As soon as she saw her son come through the door of the Gander airport, Talika Morjan, a grandmother, took off running.
For her, this was a moment too long in the making. Almost nine months after she arrived in Newfoundland herself, her family finally joined her to make their new life in Lewisporte.
Morjan last saw her family in June. One day, she left them behind in Lebanon, and sought refuge in Canada.
But on Friday night, her son Mohamd Moufleh, his wife Fatima Ahmed, and children Moussa and Rayane all hugged again.
"He said I know I will be crying," translator Naz Kadham said for Moufleh. "But I was thinking when I will be crying. Within the first hug or the second hug or when we are home."
The last time the family lived together, they were in overcrowded quarters in Lebanon, having fled from violence in Syria.
Morjan told CBC News that she spent years in a one-room dwelling, with a leaking ceiling and intermittent electricity.
Moufleh and his family applied for refugee status in Canada on Dec. 5, according to Ahmed.
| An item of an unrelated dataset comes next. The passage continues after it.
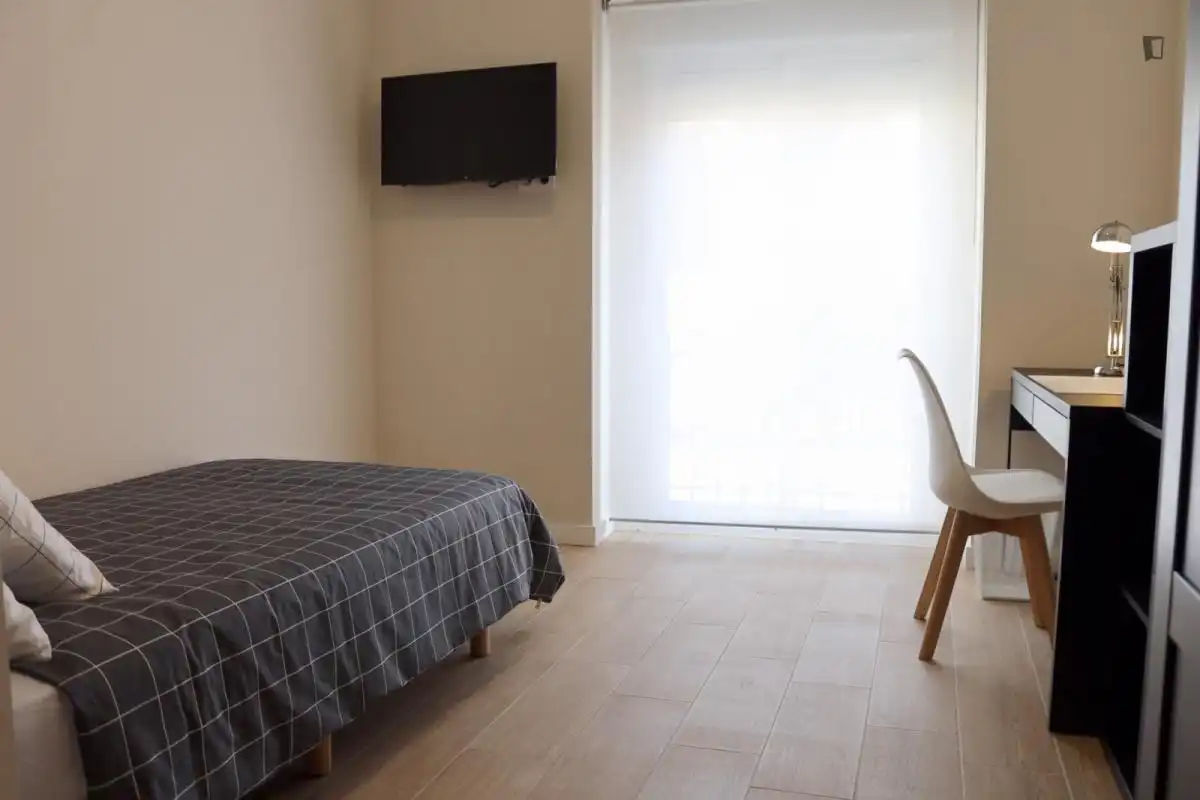 Bedroom of Study for rent in Burjassot  with Air Conditioner, Furnished and Washing machine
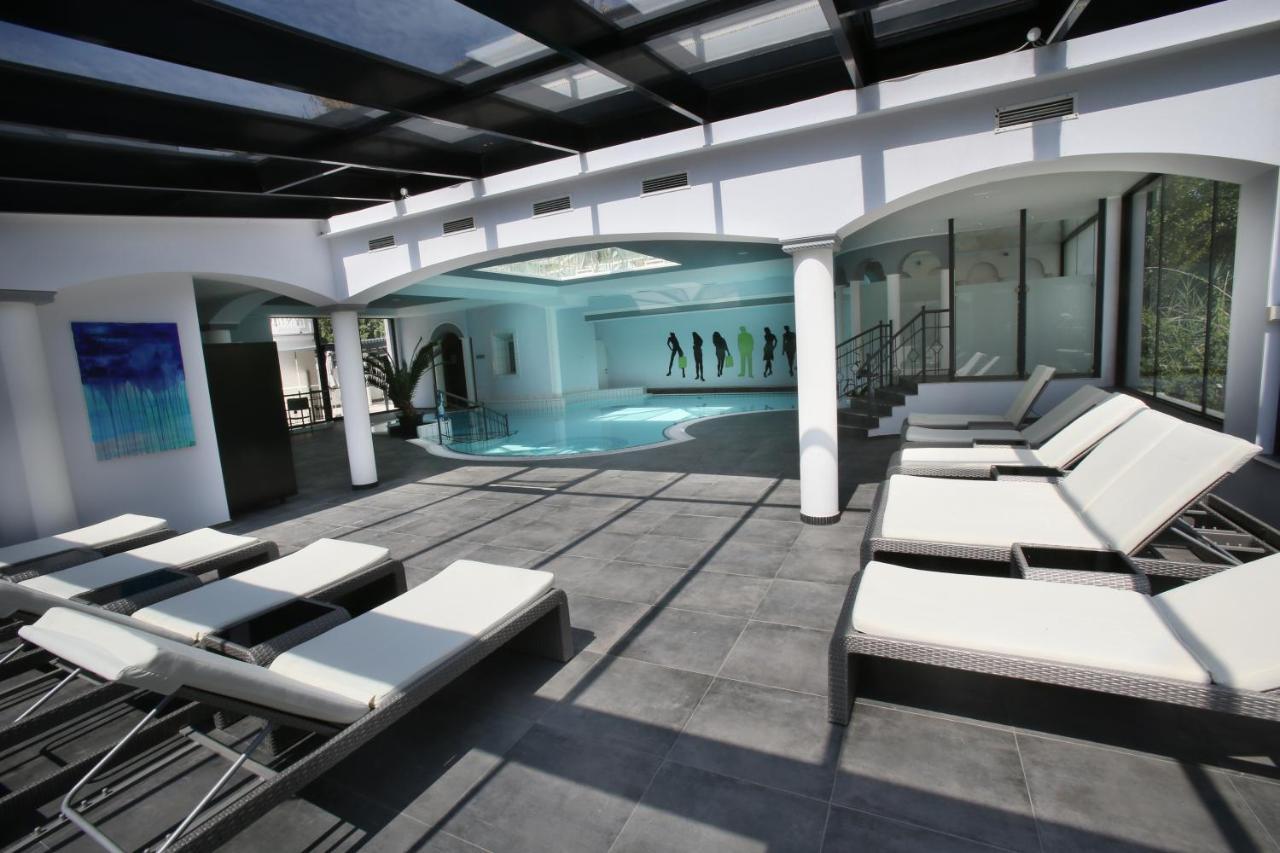 25H Spa-Residenz Best Sleep Privat Garden & Pools นอยซีเดิลอัมเซ ภายนอก รูปภาพ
But because Morjan's application was processed apart from her family's, and because of hiccups with paperwork and the refugee process in Canada, Morjan has spent months anxiously waiting for her son and grandchildren to arrive.
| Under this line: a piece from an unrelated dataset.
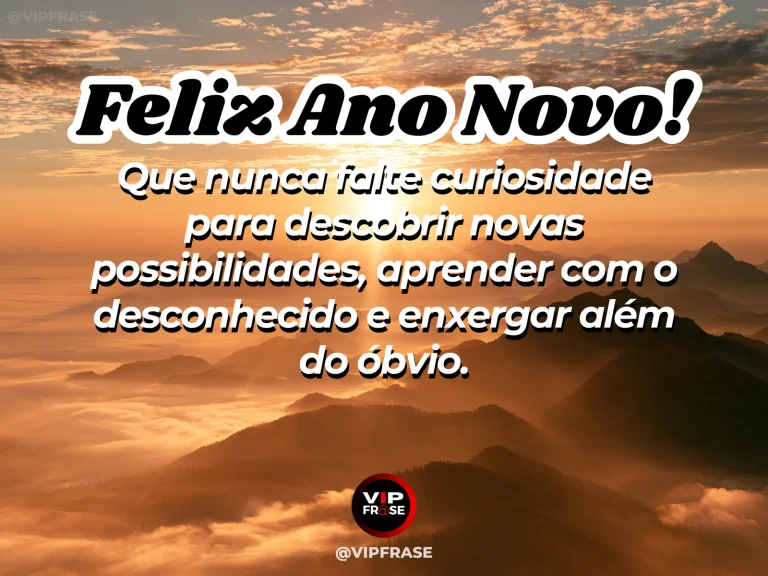 Mensagem de Ano Novo sobre sabedoria, com uma trilha sinuosa levando a um horizonte amplo entre montanhas, luz suave de amanhecer e atmosfera de descoberta.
"Since June 22," Morjan said Friday with the help of Kadham, who lives in Lewisporte herself. "She's been counting it by day."
"She said of course she's very very happy. Her excitement is beyond words."
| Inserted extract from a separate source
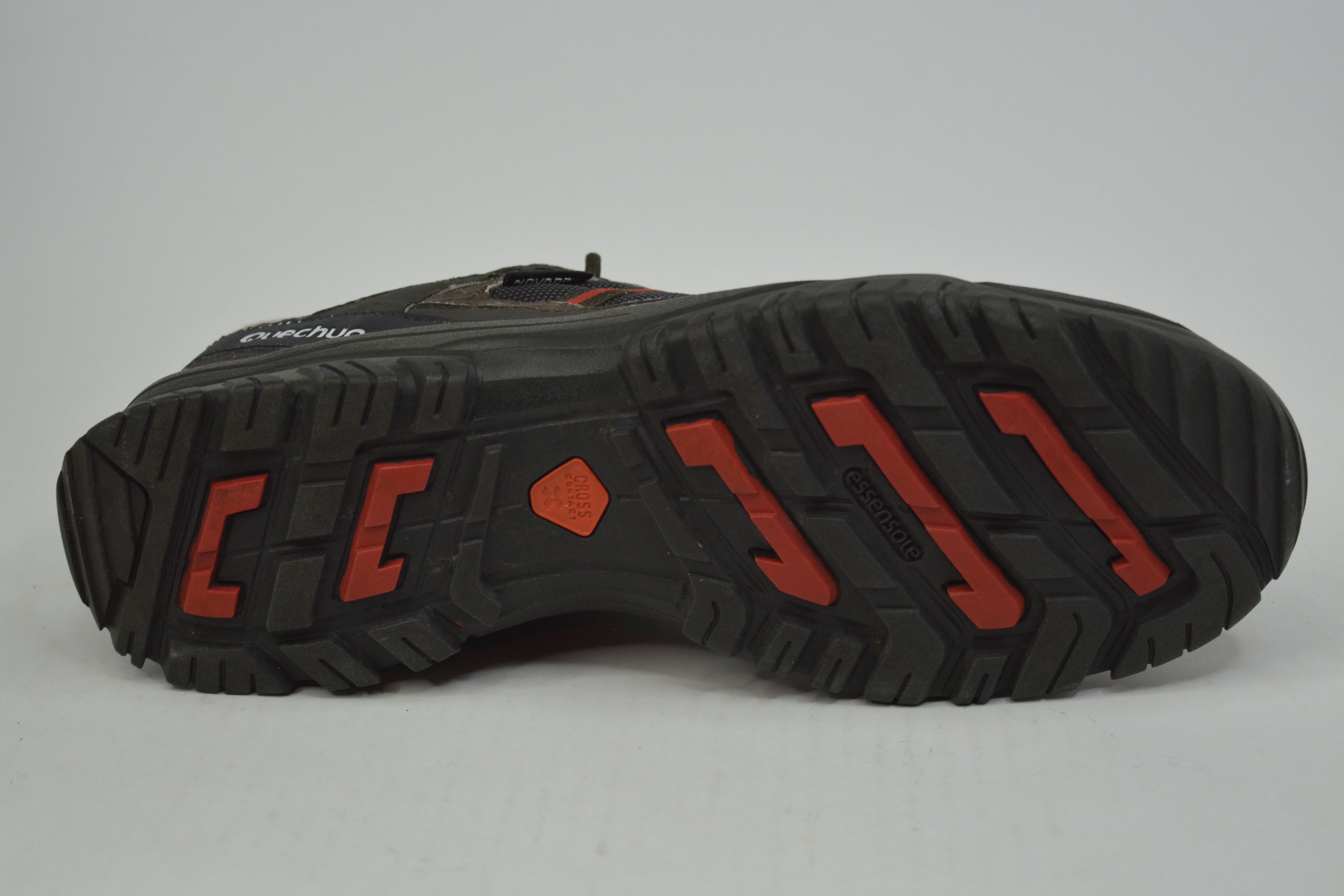 QUECHUA ARPENAZ 100 NOVADRY With Memory Foam - Very Comfortable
Just after arriving at the airport Friday night, to a big welcoming committee, the new residents took off for Lewisporte.
This weekend, the family will be waking up together in their new home: An apartment in United Church minister Rev. Stephanie McClellan's house.
McClellan, who heads the Lewisporte Refugee Outreach Committee said their arrival was supposed happen a year ago, if it was not for the delays.
"There's a lot of stuff that we could focus on on that, but we just really want to spend time talking about the complete joy it is to be here at this moment," she said Friday night.
The minister said Morjan has already been integrating into the small town well, calling her a "delight" to be around.
"We used to get the biggest kick, the first week or so we'd be walking down the street and people would be honking horns or waving and stuff, and she'd tell her family 'I'm a movie star!'"
She said the people of Lewisporte have also been anxiously awaiting the new arrivals.
"Everybody's been waiting. Everywhere you go they've been saying Reverend Steph, where's the family? Are they coming? Are they coming?"
"So everybody will be glad to finally meet them."
There is still a lot to be done to help the family integrate into Lewisporte. On Friday night, Moussa and Rayane got hats and mitts, and some stuffed animals.
As Moussa said he's most excited to play in the snow, more winter gear will probably be needed. Then there are bank accounts, and groceries and finances to worry about, said McClellan.
Moufleh said he was already sold on Canada.
"He says this country, who doesn't know me, and they know that I am a different person, from different culture. And they are telling me come here, we are going to take you, we are going to help you to solve your problem," Kadham said.
"So how [can] I not be in love or excited to be laying down in this country."